Nous dînons dans un petit restau au-dessus de la marina. d’où nous pouvons observer discrètement leur tender. Un marin est resté à bord et grignote un sandwich en attendant son patron. Pendant le repas, j’essaie d’en savoir plus sur Laure, mais elle n’est pas très loquace. Alors, je lui raconte des anecdotes sur la vie excitante d’un skipper de voilier de location. Largement exagérées, mais comme disent les Italiens, « si non è vero, è ben trovato ». Et l’essentiel, c’est que ça lui change les idées. Ça l’amuse même parfois.

Elle a une sacrée descente et, à deux, nous éclusons un litre du vin rouge râpeux de la maison et plusieurs shots de rakija offerts par le patron. Du coup, l’ambiance s’est un peu réchauffée. Il nous a installés bien en évidence en espérant attirer les clients. Il faut dire que nous formons un beau couple.

En fin de repas, nous voyons Castellane, sa femme et son fils remonter sur leur tender pour rentrer à leur yacht. A les voir comme ça, on leur donnerait le bon Dieu sans confession.

En revenant vers notre annexe, je suis assez fier de me pavaner en compagnie de Laure. Elle a pris mon bras et semble plutôt heureuse d’être en ma compagnie. Comme un couple normal en goguette, nous nous arrêtons prendre une glace. J’ai comme un frisson d’intimité lorsqu’elle me propose de goûter la sienne et qu’elle donne un coup de langue mutin sur la mienne.

Nous achetons quelques bricoles à la supérette pour reconstituer nos stocks et nous rentrons à bord. Le temps s’est couvert depuis tout à l’heure et il fait plus frais.

Laure manque de passer à l’eau en embarquant dans l’annexe et les embruns nous mouillent un peu pendant les 5 minutes que dure la traversée jusqu’au bateau.
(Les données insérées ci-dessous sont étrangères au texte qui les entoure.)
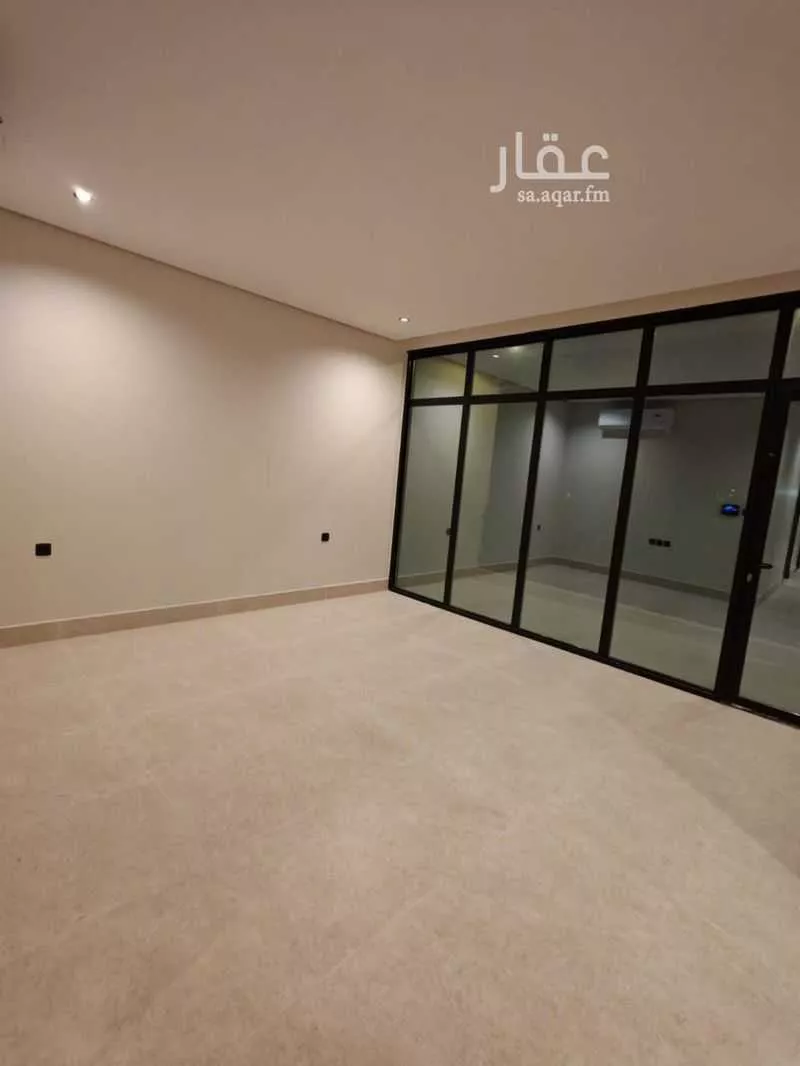 4 bedroom apartment in Al Hamra, Eastern Province 11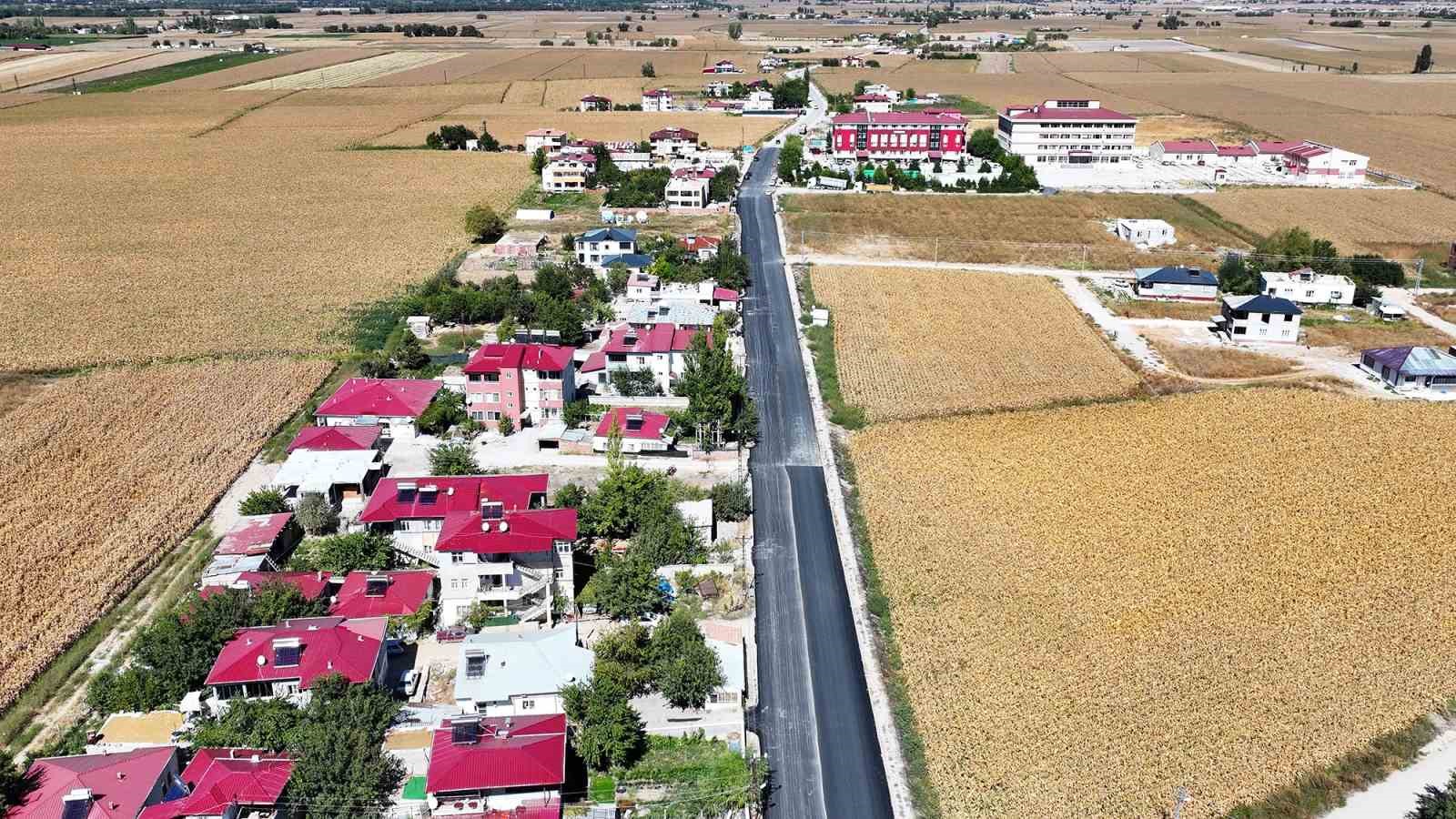 Kahramanmaraş Büyükşehir Belediyesi’nden Elbistan’da asfalt atağı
Il fait nuit noire et le soufflé est un peu retombé lorsqu’on arrive au voilier.

J’espérais que Laure prolonge un peu la soirée, voire propose de s’installer dans ma cabine, ne serait que par souci de véracité. Mais elle file rapidement se coucher dans la sienne en disant qu’elle a froid.

Je suis déçu. J’avais l’impression que nous étions dans une phase de séduction. Que l’on se dirigeait vers une conclusion sympathique de la soirée. Ou tout simplement, qu’elle se sentait un peu redevable de ce que je fais pour elle. Ou même reconnaissante de lui avoir sauvé la vie. Bien sûr, je n’ai pas fait ça pour ça. Je n’ai pas réfléchi en fait. J’ai agi par pur réflexe.

Mais tout de même, elle pourrait être plus gentille avec moi.